╭─ Recorded data
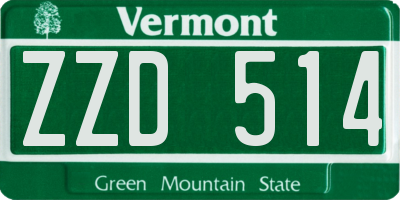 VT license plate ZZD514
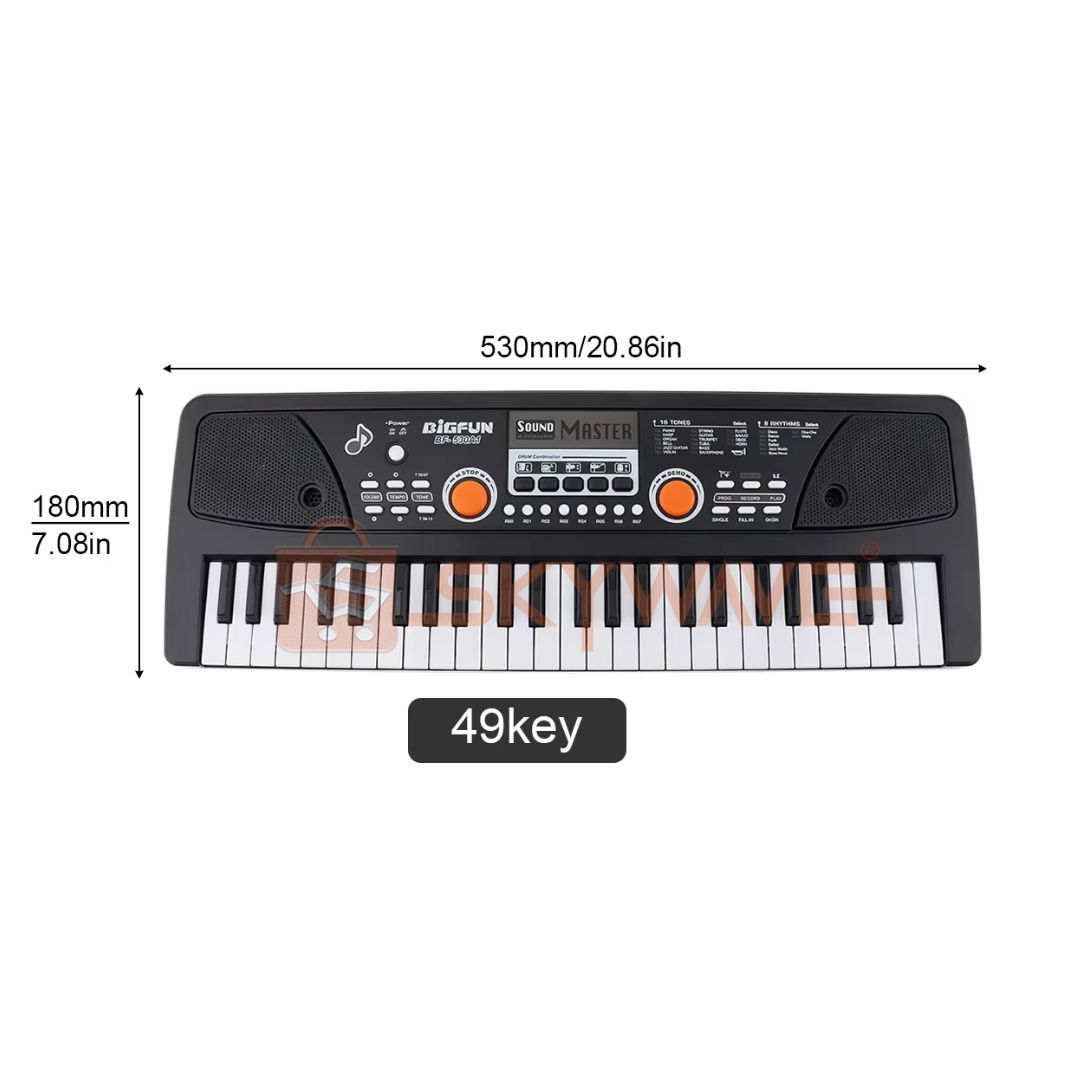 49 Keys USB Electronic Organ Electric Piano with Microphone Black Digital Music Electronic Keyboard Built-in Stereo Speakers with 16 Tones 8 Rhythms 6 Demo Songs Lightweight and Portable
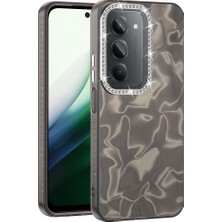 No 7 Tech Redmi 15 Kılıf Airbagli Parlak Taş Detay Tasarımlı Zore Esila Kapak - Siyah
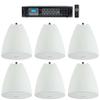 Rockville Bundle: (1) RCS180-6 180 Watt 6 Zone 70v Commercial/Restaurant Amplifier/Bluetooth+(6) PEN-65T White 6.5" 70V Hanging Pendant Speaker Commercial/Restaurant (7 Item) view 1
╰─
All lines from the one holding "No 7 Tech Redmi" to the end of the listing above need to be duplicated exactly. None of the pictures should be included.

 No 7 Tech Redmi 15 Kılıf Airbagli Parlak Taş Detay Tasarımlı Zore Esila Kapak - Siyah
 Rockville Bundle: (1) RCS180-6 180 Watt 6 Zone 70v Commercial/Restaurant Amplifier/Bluetooth+(6) PEN-65T White 6.5" 70V Hanging Pendant Speaker Commercial/Restaurant (7 Item) view 1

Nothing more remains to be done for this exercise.